Although it's not relevant to the original poster's problem, it's
worth nothing that asymmetry in UNIX/Linux. When you invoke a program,
you get to pass an array of parameters, the command line args, and a
collection of name-value pairs, the environment variables. It's like
a function call with positional parameters and variables imported
from an outer scope.
But when a process exits, all it sends back is one integer value,
the return code. "Exit" doesn't have parameters like "argc" or
"argv", and there's no way to return or affect environment variables.
This is a lack. It's one of the things that tends to lead to rather
"blind" shell scripts, makefiles, and GUIs, where the controlling
process has very limited info about what the subprocess did.

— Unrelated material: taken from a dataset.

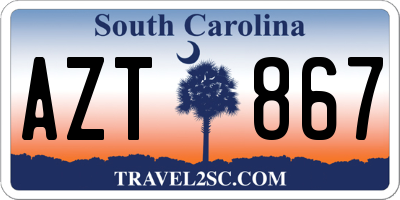 SC license plate AZT867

A common Unix/Linux GUI element is something that does something
using a command-line tool based on GUI actions, but displays what
happened to the user as a text stream in a scroll box. That bit of
inelegance derives from the one-way model of subprocess communication.
I know why it was done that way. It's a quirk of the PDP-11 UNIX
implementation of process launch. That's what also produced the rather
strange fork/exec approach to starting a subprocess. Fork was
originally implemented by swapping out the program to disk, then, rather
than releasing the memory of the in-memory copy, the process table
entry was duplicated, with one entry referring to the in-memory
process and one referring to the swapped-out process. In that
model, there was no way to get variable-length data back.
This bit of legacy is so deeply embedded in the minds of UNIX/Linux
programmers that they don't even notice it.